» **Given records**
=== Begin Enclosure ===

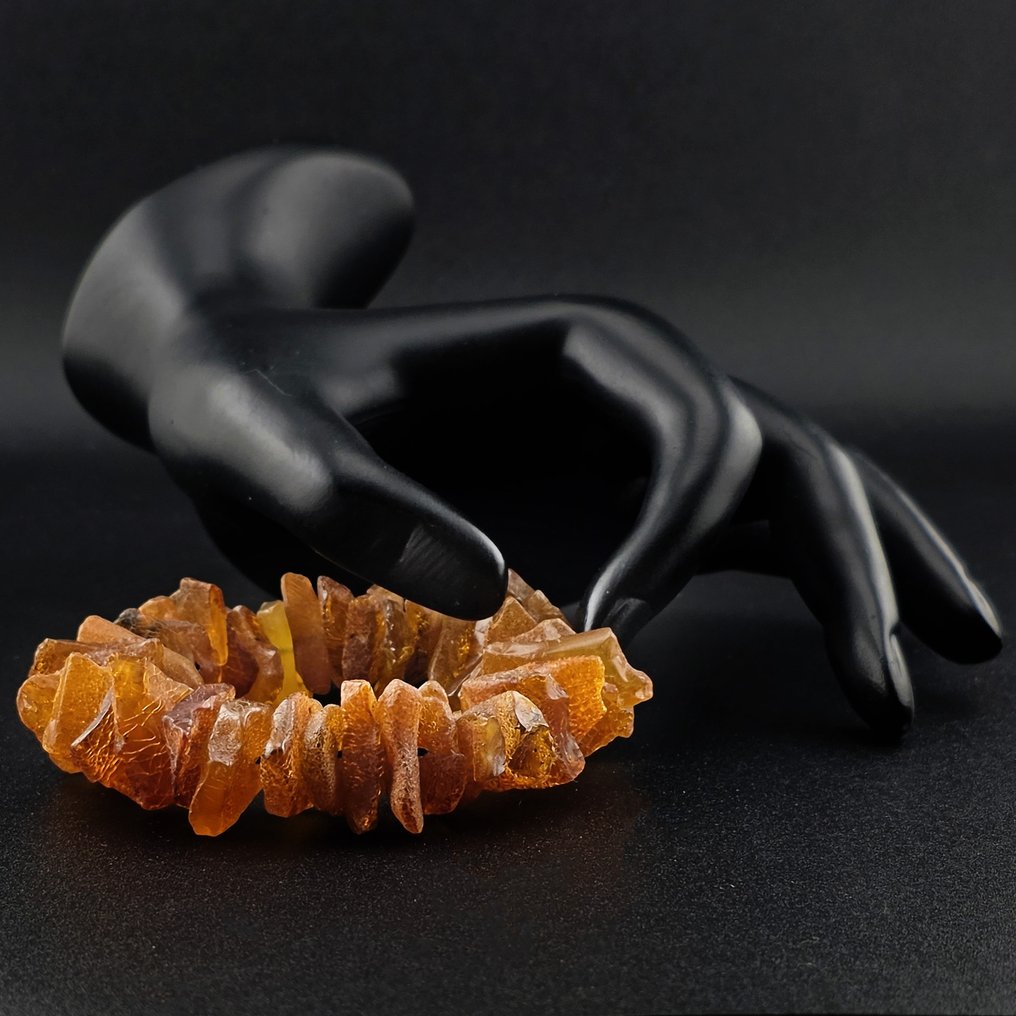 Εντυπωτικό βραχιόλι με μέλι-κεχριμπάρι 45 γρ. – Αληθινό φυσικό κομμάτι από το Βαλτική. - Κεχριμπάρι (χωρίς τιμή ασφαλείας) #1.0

=== End Enclosure ===
=== Begin Enclosure ===

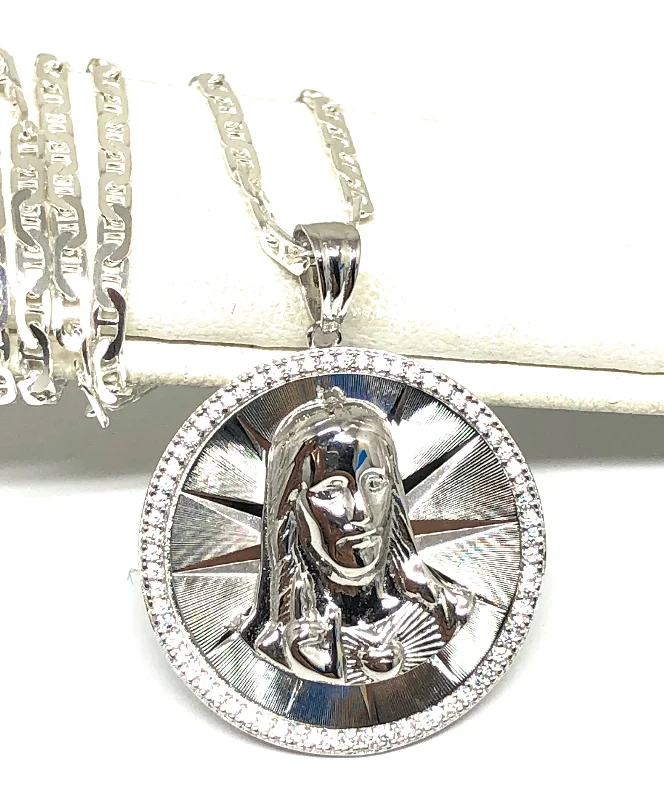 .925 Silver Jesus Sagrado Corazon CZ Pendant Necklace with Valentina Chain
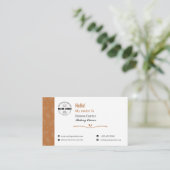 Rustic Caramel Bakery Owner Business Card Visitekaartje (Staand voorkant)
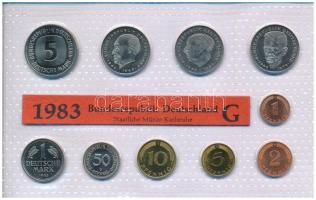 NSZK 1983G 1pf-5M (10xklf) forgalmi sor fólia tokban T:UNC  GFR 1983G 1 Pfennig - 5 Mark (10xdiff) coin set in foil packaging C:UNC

=== End Enclosure ===

» **Instructions to follow**
Look above for the line with "with Valentina Chain" and copy exactly from it through the line with "NSZK 1983G 1pf-5M", both included. Omit the pictures.

» **Output**
 .925 Silver Jesus Sagrado Corazon CZ Pendant Necklace with Valentina Chain
 Rustic Caramel Bakery Owner Business Card Visitekaartje (Staand voorkant)
 NSZK 1983G 1pf-5M (10xklf) forgalmi sor fólia tokban T:UNC  GFR 1983G 1 Pfennig - 5 Mark (10xdiff) coin set in foil packaging C:UNC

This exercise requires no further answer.